:: Prompt ::
Print out the data that follows exactly, character for character, apart from the pictures.

:: Information supplied ::
● ● ● ● ● ● ●

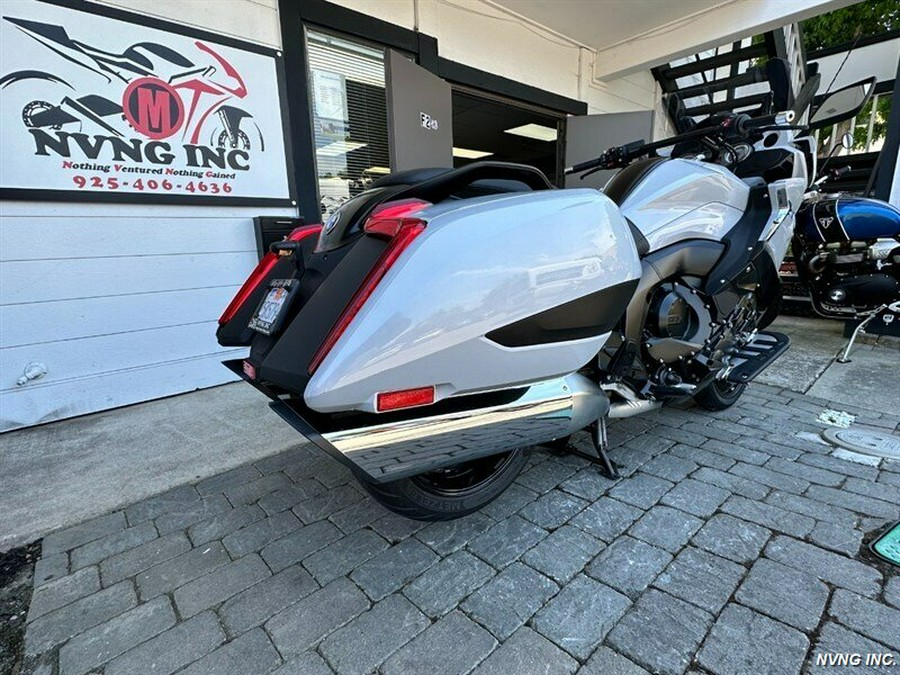 2021 BMW K 1600 B K1600B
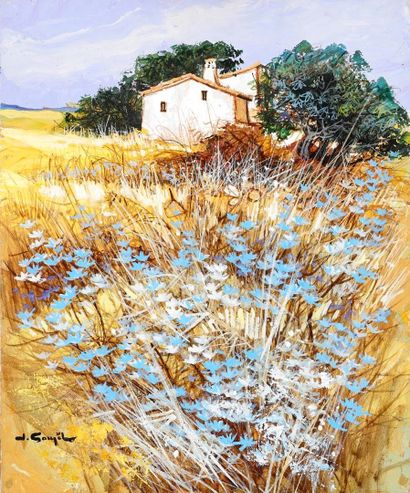 Jacques GOUPIL ( 1934-2022).

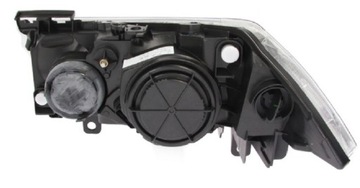 фото thumb №4, Лампа фара перед renault megane ii 06-08 pr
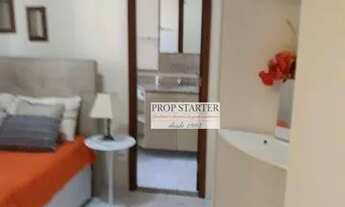 Imagem 6: Apartamento com 1 dormitório para alugar, 42 m² por R$ 3.988,00/mês - Vila Clementino - Sã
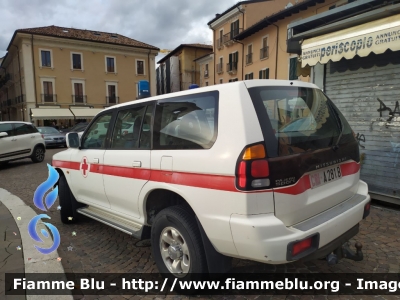 Mitsubishi Pajero Sport
Croce Rossa Italiana
Comitato di L'Aquila
Unità Territoriale di Rocca di Mezzo
CRI A281B
Parole chiave: Mitsubishi Pajero_Sport CRIA281B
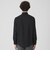 クレストブリッジチェックニットドッキングシャツ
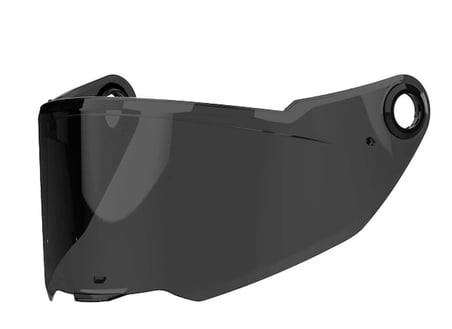 Kask Camı Axxis V-31B DARK (PANTHER 2026)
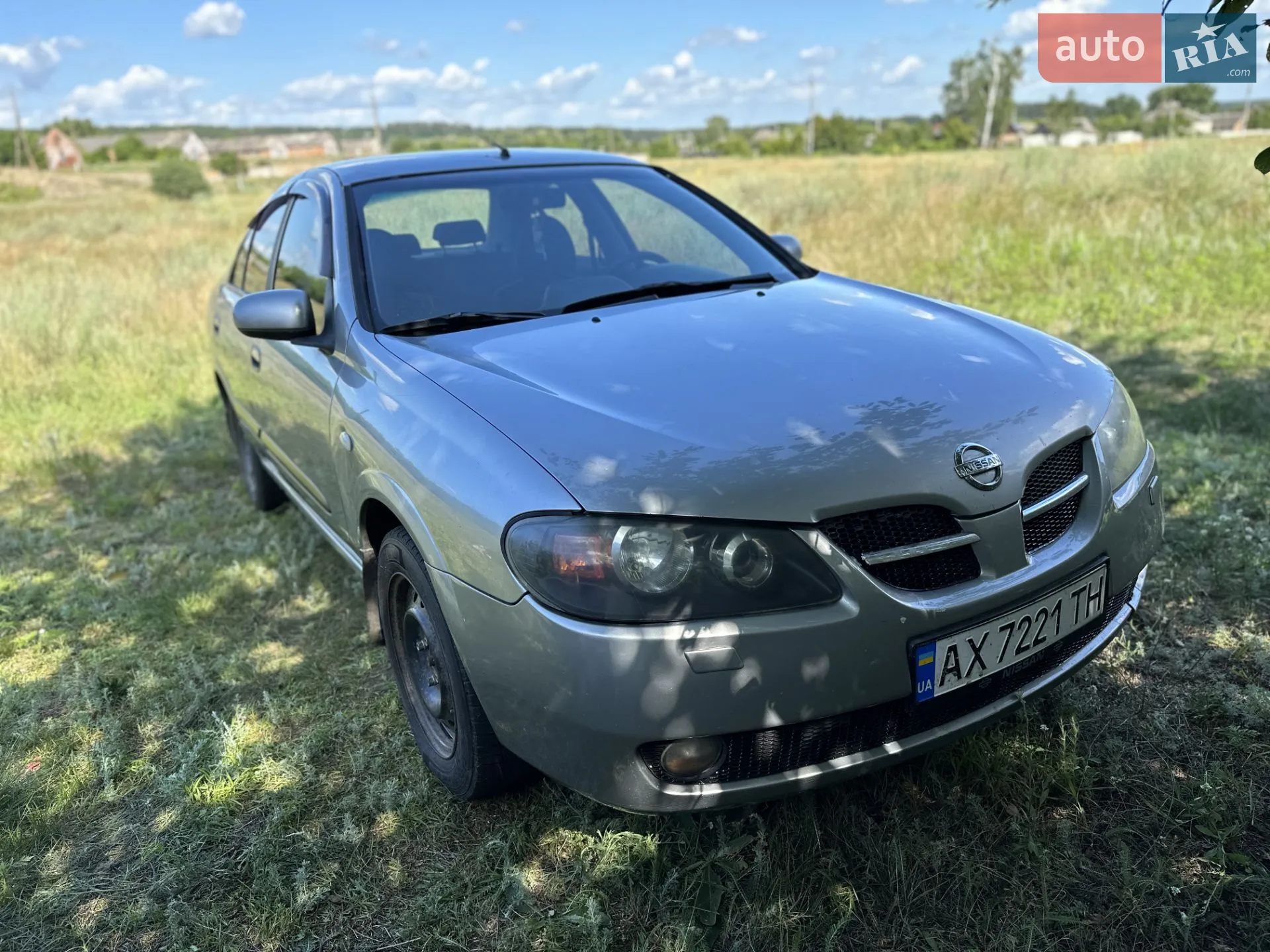 Nissan Almera, 2005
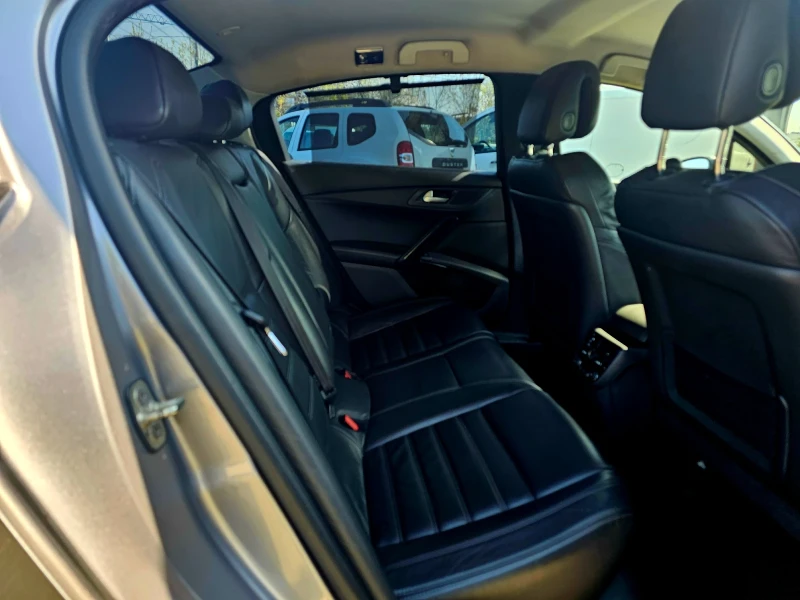 Peugeot 508 2.0 180 коня. Всички възможни екстри, снимка 11 - Автомобили и джипове - 51141758
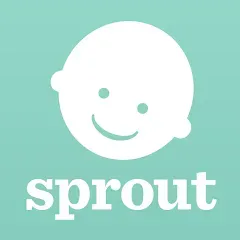 แอปพลิเคชัน Sprout Pregnancy 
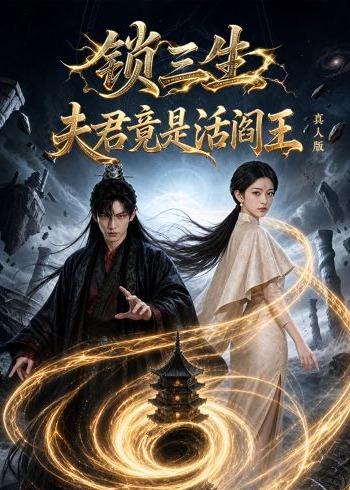 锁三生，夫君竟是活阎王真人版(全集)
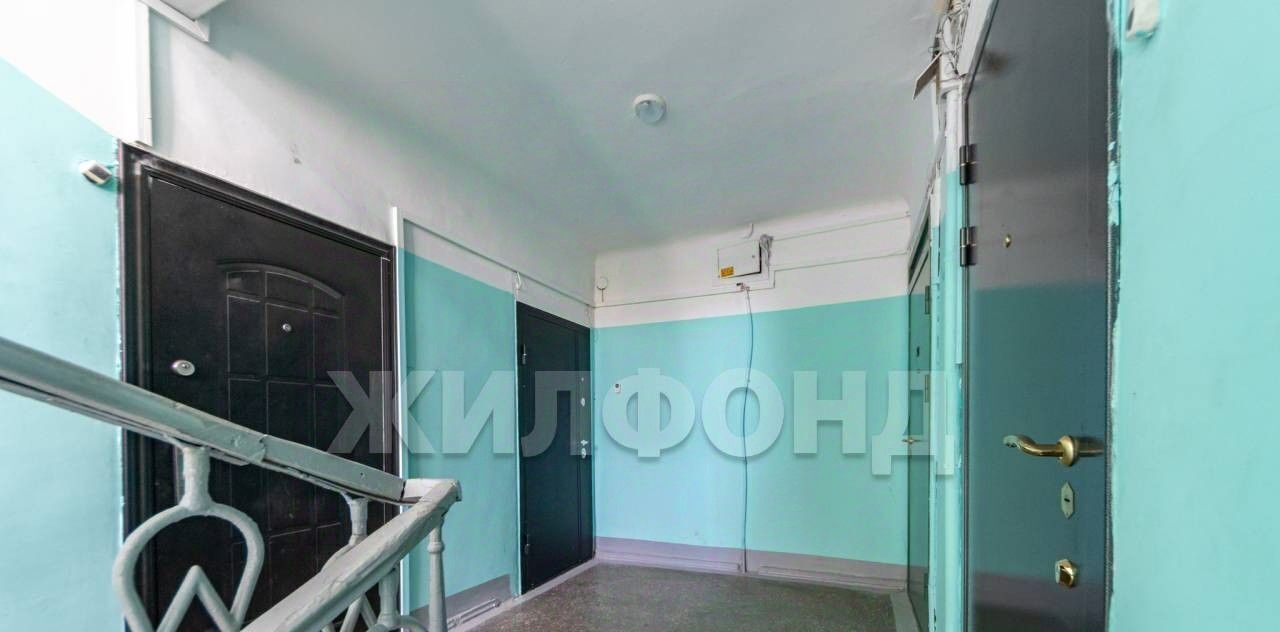 квартира г Хабаровск р-н Индустриальный ул Союзная 62 фото 17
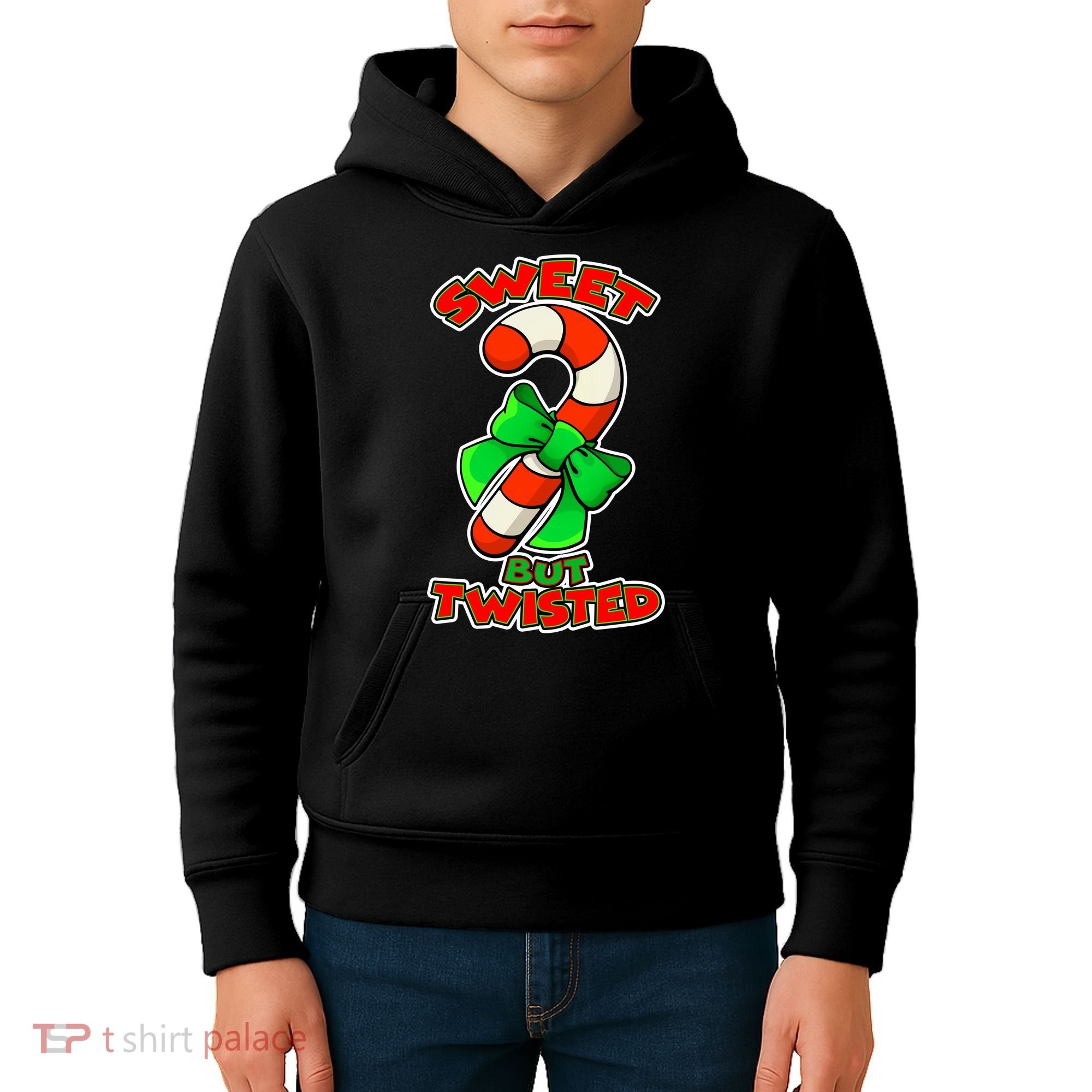 Sweet But Twisted Kids Hoodie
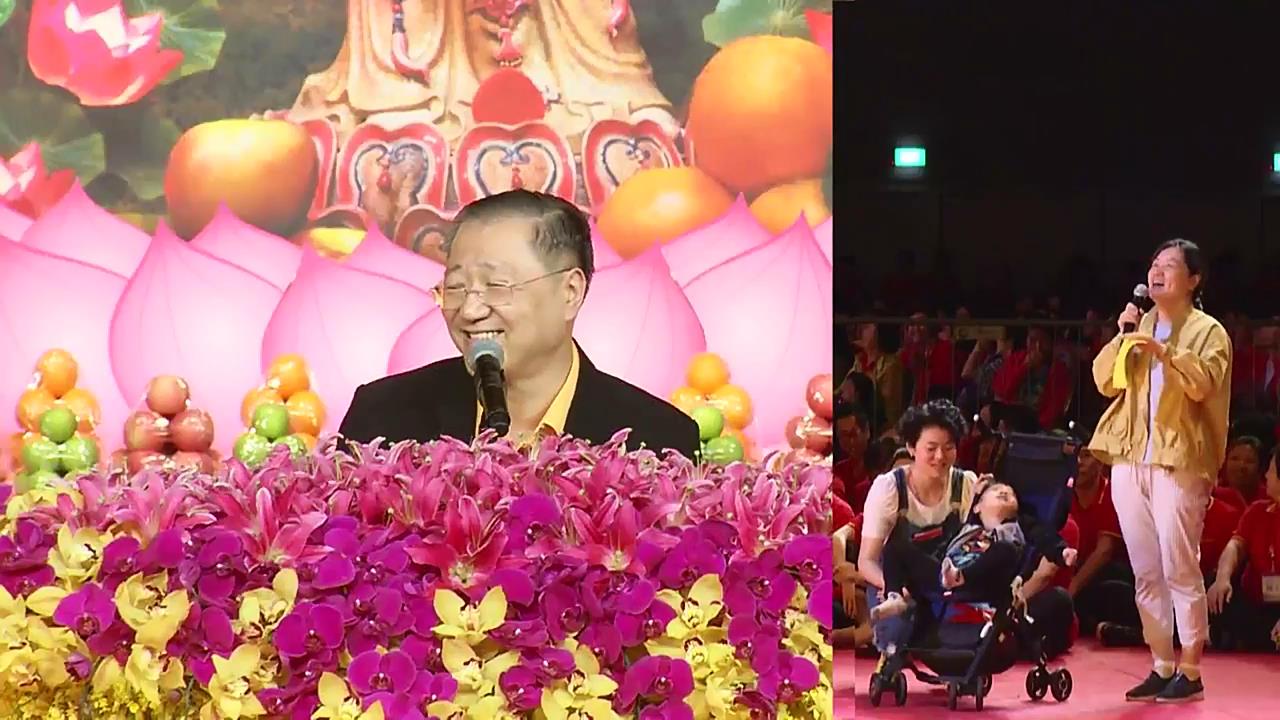 725 视频:前世冤结致使家族自杀之人上身,孩子脑瘫,脊柱歪斜,不会讲话--20180519新加坡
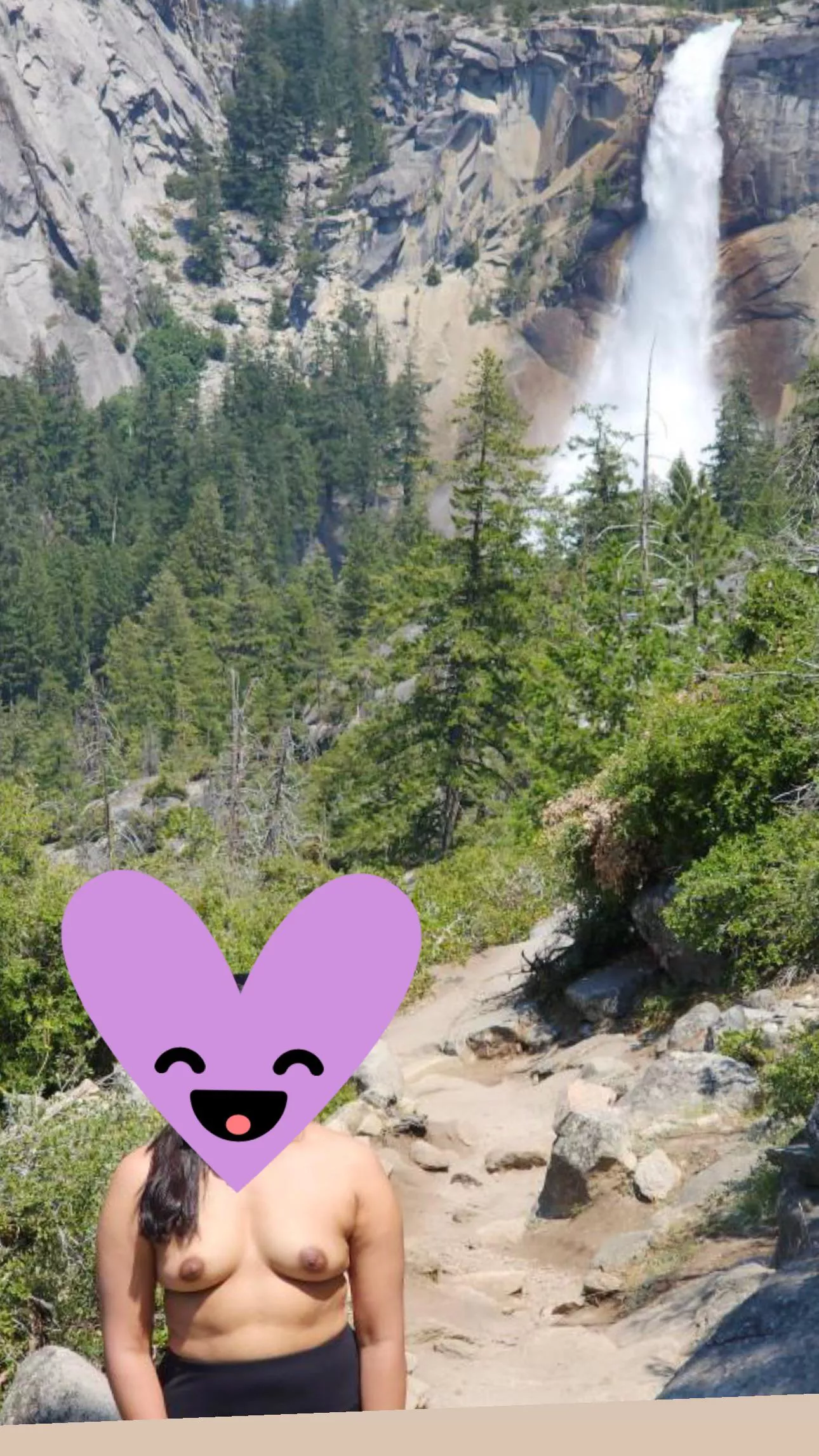 Can you have waterfall to yourself? posted by General_Airport1902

● ● ● ● ● ● ●

:: Response to this exercise ::
 2021 BMW K 1600 B K1600B
 Jacques GOUPIL ( 1934-2022).

 фото thumb №4, Лампа фара перед renault megane ii 06-08 pr
 Imagem 6: Apartamento com 1 dormitório para alugar, 42 m² por R$ 3.988,00/mês - Vila Clementino - Sã
 Mitsubishi Pajero Sport
Croce Rossa Italiana
Comitato di L'Aquila
Unità Territoriale di Rocca di Mezzo
CRI A281B
Parole chiave: Mitsubishi Pajero_Sport CRIA281B
 クレストブリッジチェックニットドッキングシャツ
 Kask Camı Axxis V-31B DARK (PANTHER 2026)
 Nissan Almera, 2005
 Peugeot 508 2.0 180 коня. Всички възможни екстри, снимка 11 - Автомобили и джипове - 51141758
 แอปพลิเคชัน Sprout Pregnancy 
 锁三生，夫君竟是活阎王真人版(全集)
 квартира г Хабаровск р-н Индустриальный ул Союзная 62 фото 17
 Sweet But Twisted Kids Hoodie
 725 视频:前世冤结致使家族自杀之人上身,孩子脑瘫,脊柱歪斜,不会讲话--20180519新加坡
 Can you have waterfall to yourself? posted by General_Airport1902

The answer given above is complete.